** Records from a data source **
=====

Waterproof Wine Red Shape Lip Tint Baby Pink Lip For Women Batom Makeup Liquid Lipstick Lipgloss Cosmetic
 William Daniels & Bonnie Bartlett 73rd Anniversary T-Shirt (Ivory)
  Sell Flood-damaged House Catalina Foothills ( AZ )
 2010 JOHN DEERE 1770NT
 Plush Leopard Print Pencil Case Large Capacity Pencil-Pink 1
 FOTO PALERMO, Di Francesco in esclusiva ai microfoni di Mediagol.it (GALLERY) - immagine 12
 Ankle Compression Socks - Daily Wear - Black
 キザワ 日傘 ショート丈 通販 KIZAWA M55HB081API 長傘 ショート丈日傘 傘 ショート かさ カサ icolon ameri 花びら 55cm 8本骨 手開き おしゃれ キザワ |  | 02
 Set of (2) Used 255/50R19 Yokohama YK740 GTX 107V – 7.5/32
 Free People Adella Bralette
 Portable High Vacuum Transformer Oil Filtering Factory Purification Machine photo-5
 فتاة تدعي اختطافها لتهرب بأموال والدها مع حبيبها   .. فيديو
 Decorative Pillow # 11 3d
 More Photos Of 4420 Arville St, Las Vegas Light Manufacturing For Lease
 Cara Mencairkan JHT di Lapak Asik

=====

** What to work on **
Collect the lines of the records that include the string "Pink".

** Your response **
Waterproof Wine Red Shape Lip Tint Baby Pink Lip For Women Batom Makeup Liquid Lipstick Lipgloss Cosmetic
 Plush Leopard Print Pencil Case Large Capacity Pencil-Pink 1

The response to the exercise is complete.